» Work required
In your copy, include no images, and write out every entry below exactly as it stands.

** Opening Extracted data block **

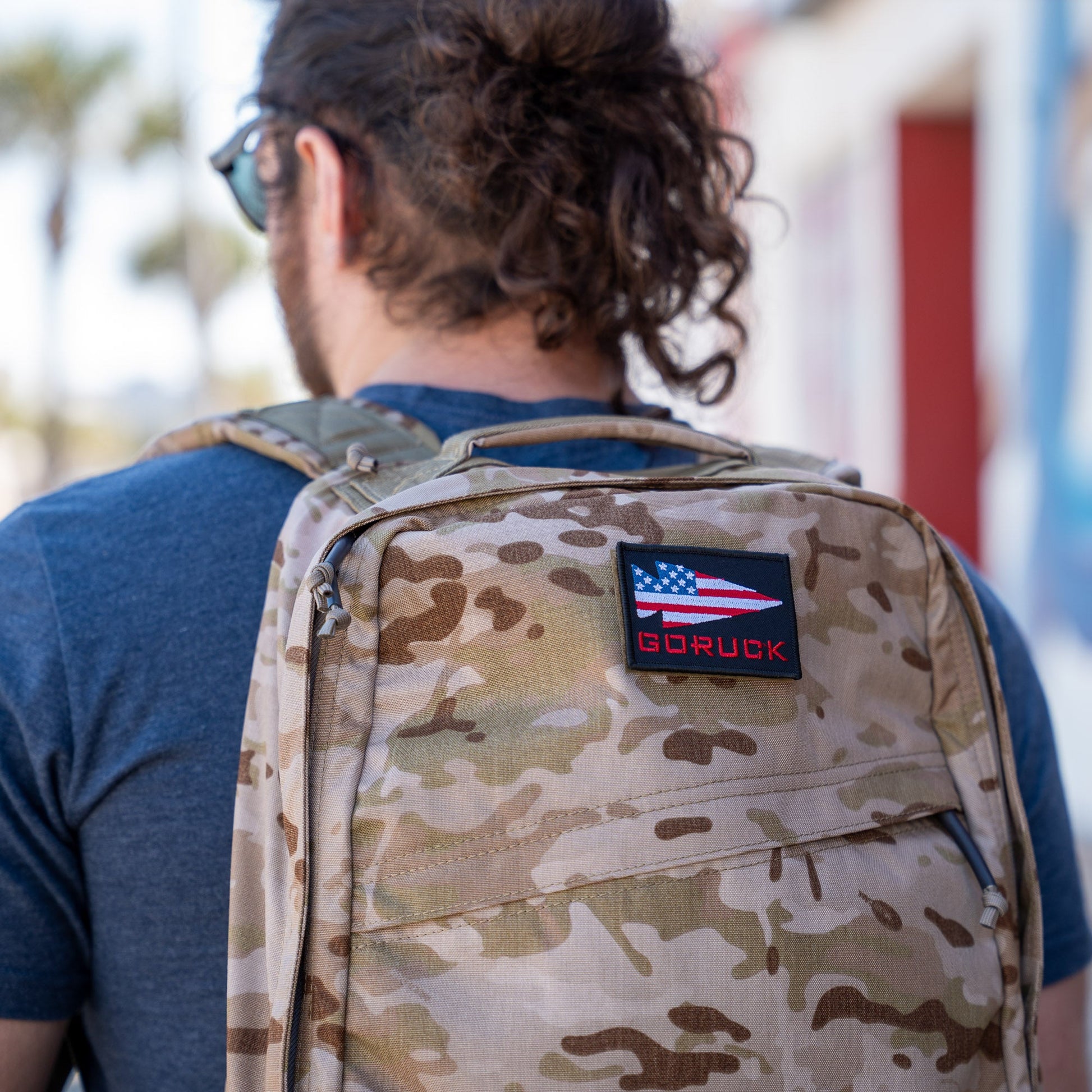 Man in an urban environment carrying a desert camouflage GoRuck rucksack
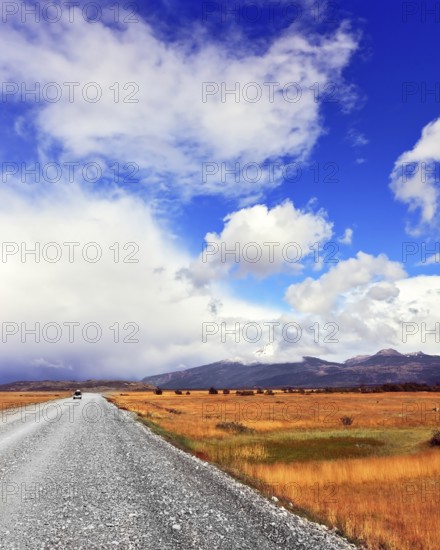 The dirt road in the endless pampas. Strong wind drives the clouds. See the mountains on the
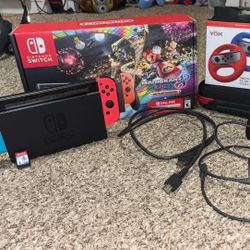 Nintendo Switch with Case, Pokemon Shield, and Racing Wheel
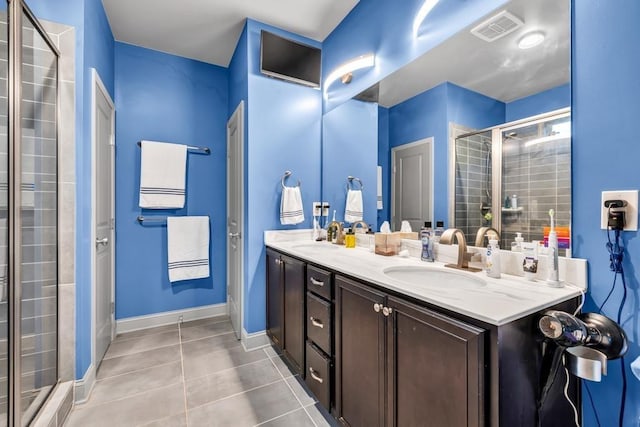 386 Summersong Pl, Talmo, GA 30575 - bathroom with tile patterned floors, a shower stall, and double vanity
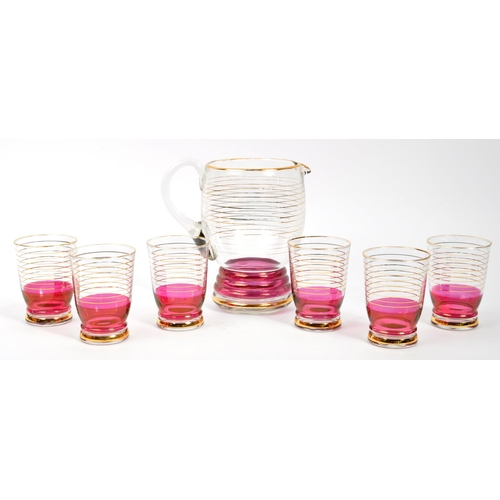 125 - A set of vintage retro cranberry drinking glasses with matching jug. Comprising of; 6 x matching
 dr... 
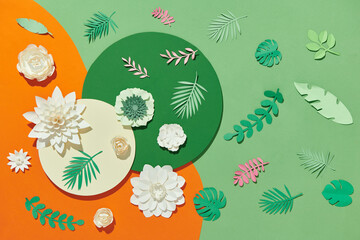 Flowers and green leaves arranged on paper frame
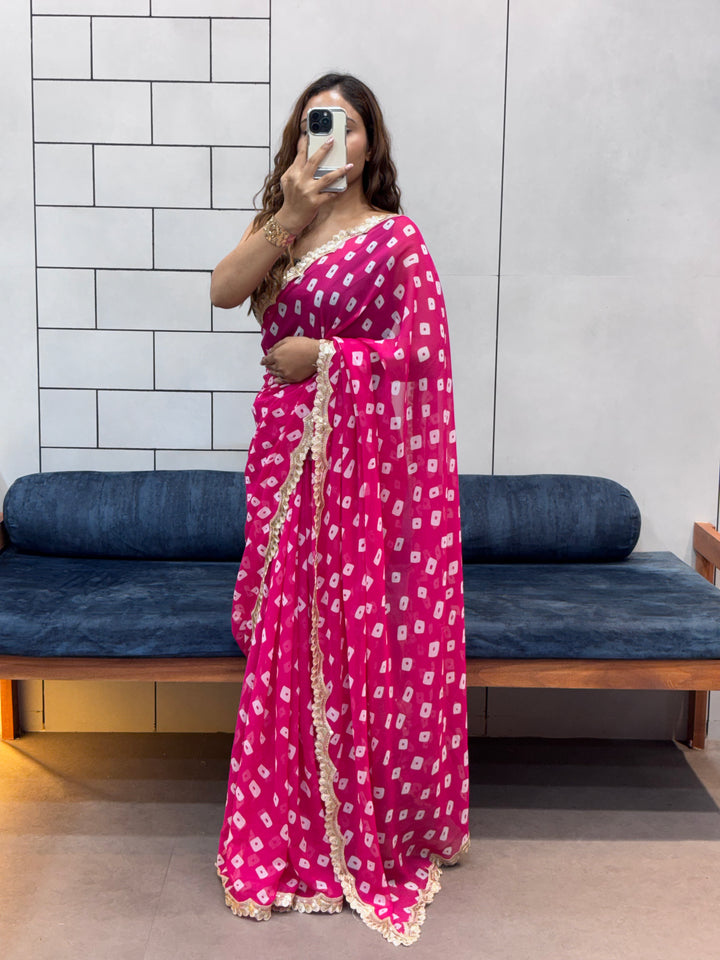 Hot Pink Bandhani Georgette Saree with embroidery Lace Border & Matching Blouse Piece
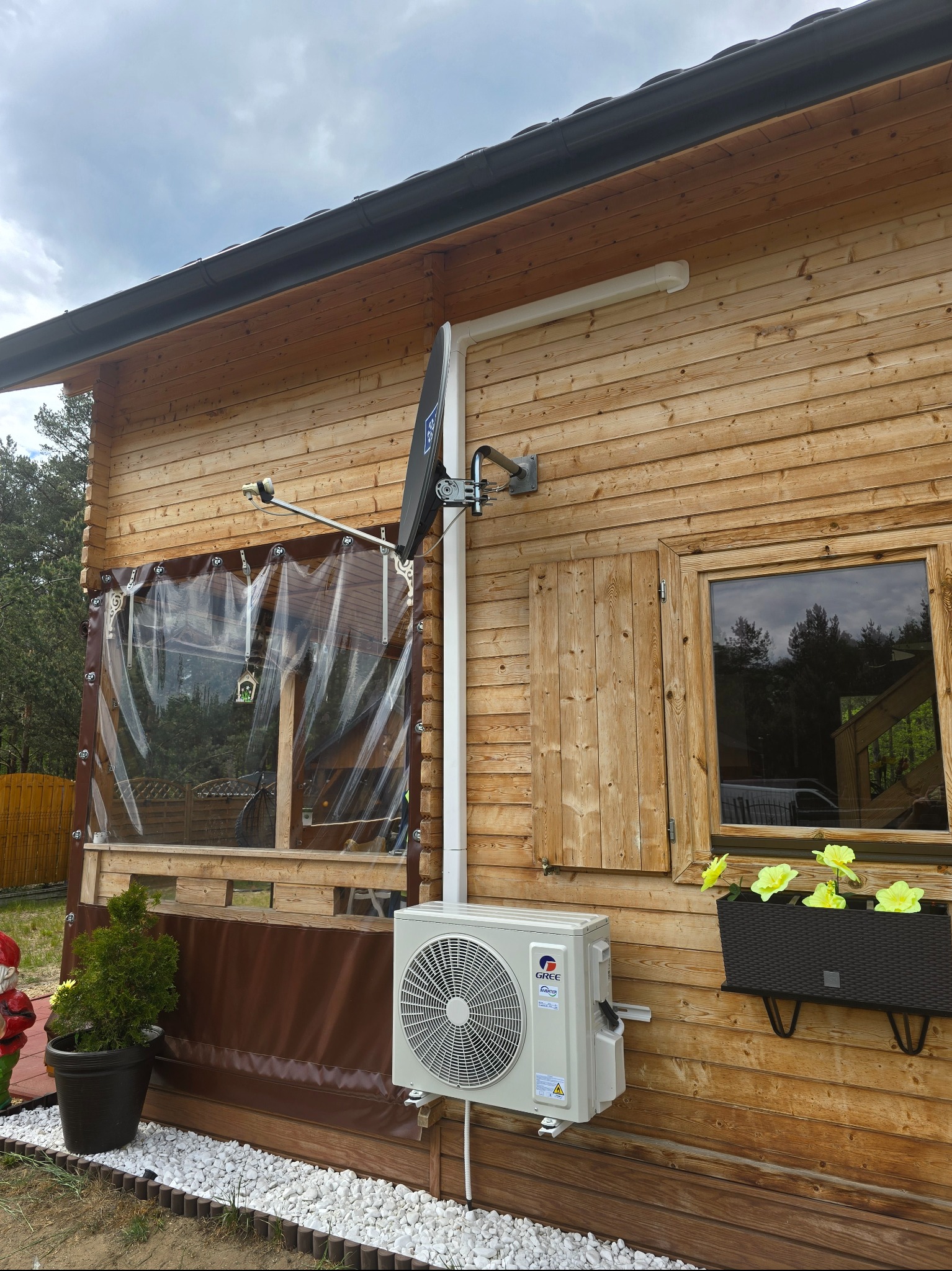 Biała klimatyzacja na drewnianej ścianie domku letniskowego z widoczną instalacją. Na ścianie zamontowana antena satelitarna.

** Closing Extracted data block **

» Output of the exercise
 Man in an urban environment carrying a desert camouflage GoRuck rucksack
 The dirt road in the endless pampas. Strong wind drives the clouds. See the mountains on the
 Nintendo Switch with Case, Pokemon Shield, and Racing Wheel
 386 Summersong Pl, Talmo, GA 30575 - bathroom with tile patterned floors, a shower stall, and double vanity
 125 - A set of vintage retro cranberry drinking glasses with matching jug. Comprising of; 6 x matching
 dr... 
 Flowers and green leaves arranged on paper frame
 Hot Pink Bandhani Georgette Saree with embroidery Lace Border & Matching Blouse Piece
 Biała klimatyzacja na drewnianej ścianie domku letniskowego z widoczną instalacją. Na ścianie zamontowana antena satelitarna.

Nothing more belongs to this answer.